Information provided:
########################################
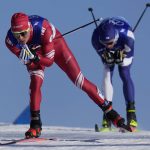 
              Russian athlete Alexander Bolshunov competes during the men's 15km + 15km skiathlon cross-country skiing competition at the 2022 Winter Olympics, Sunday, Feb. 6, 2022, in Zhangjiakou, China. (AP Photo/Alessandra Tarantino)
            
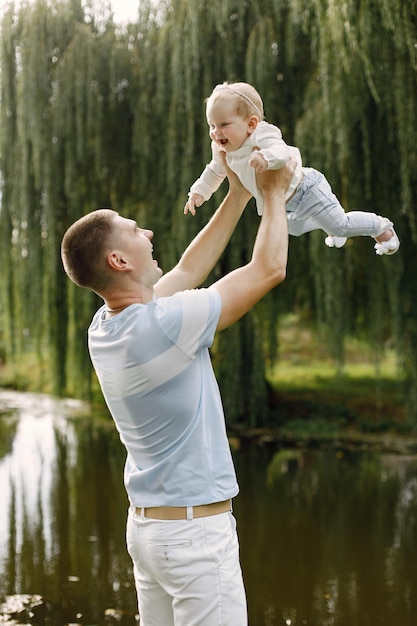 Father and little baby daughter standing in the park and posing for a photo. Family wearing white and light blue clothes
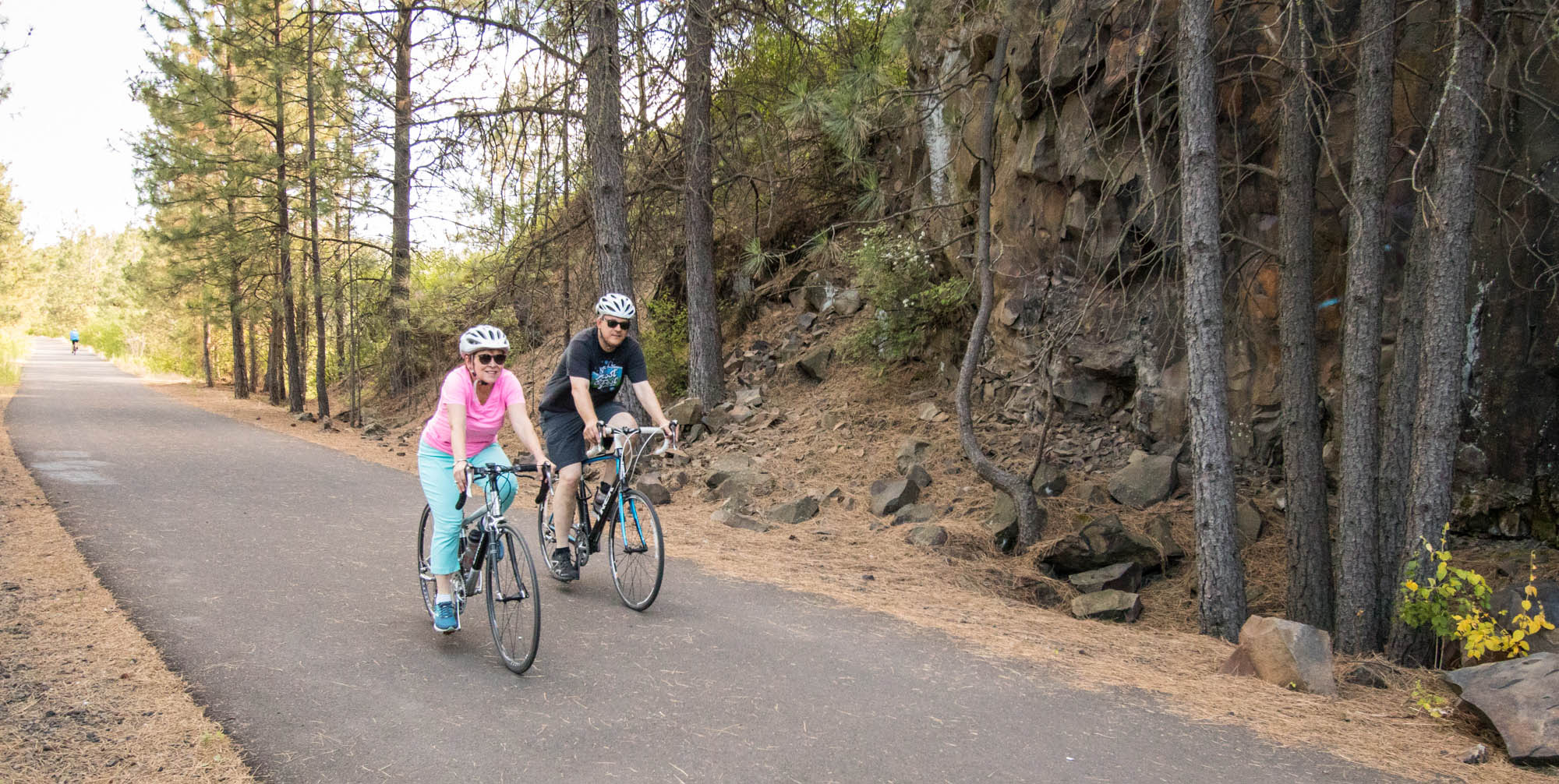 Photo of Lisa Brown and her partner biking on the Fish Lake Trail.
########################################
Problem requirements: Down to the final line, restate the material above word for word, but omit its pictures.

Result of the exercise:
              Russian athlete Alexander Bolshunov competes during the men's 15km + 15km skiathlon cross-country skiing competition at the 2022 Winter Olympics, Sunday, Feb. 6, 2022, in Zhangjiakou, China. (AP Photo/Alessandra Tarantino)
            
 Father and little baby daughter standing in the park and posing for a photo. Family wearing white and light blue clothes
 Photo of Lisa Brown and her partner biking on the Fish Lake Trail.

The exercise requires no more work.